> **Exercise details**: Scan the material for the string "color" and copy out every line in which it occurs.

> **Supplied records**:
-- Opening Marker --

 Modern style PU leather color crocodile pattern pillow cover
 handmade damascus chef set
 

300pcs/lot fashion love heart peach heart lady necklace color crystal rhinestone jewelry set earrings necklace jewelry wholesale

-- Closing Marker --
-- Opening Marker --

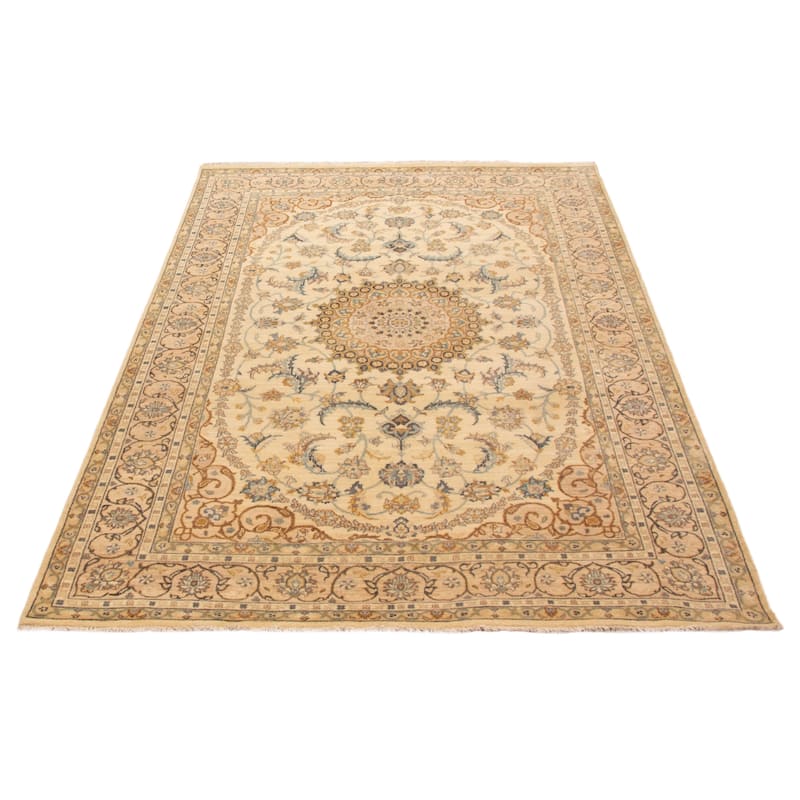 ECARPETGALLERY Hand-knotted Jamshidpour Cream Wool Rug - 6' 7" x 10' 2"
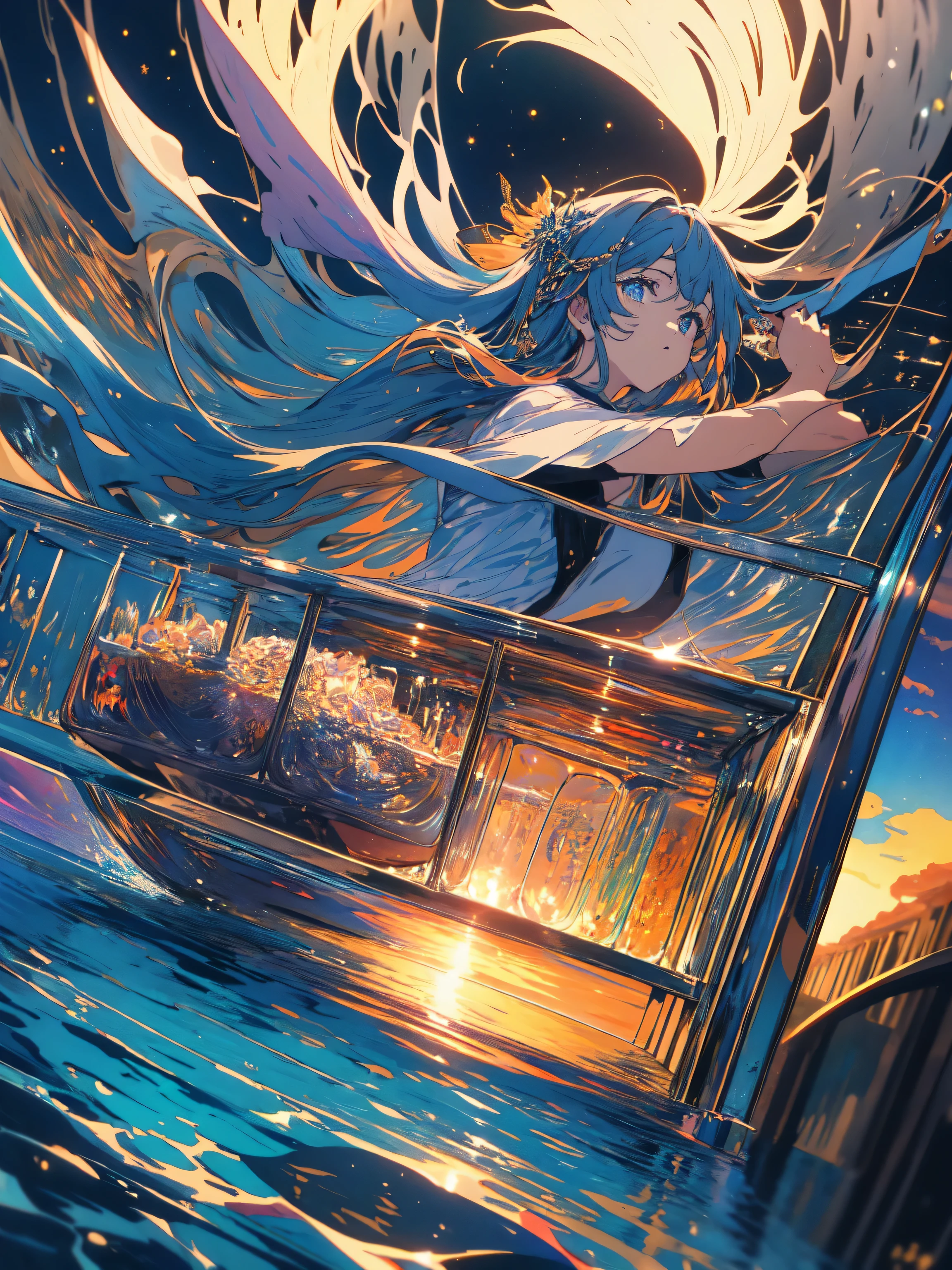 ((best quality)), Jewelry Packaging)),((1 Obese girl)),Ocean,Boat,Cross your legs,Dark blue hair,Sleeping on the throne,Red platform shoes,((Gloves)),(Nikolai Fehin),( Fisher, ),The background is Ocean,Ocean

-- Closing Marker --

> **Answer to this problem**:
 Modern style PU leather color crocodile pattern pillow cover
300pcs/lot fashion love heart peach heart lady necklace color crystal rhinestone jewelry set earrings necklace jewelry wholesale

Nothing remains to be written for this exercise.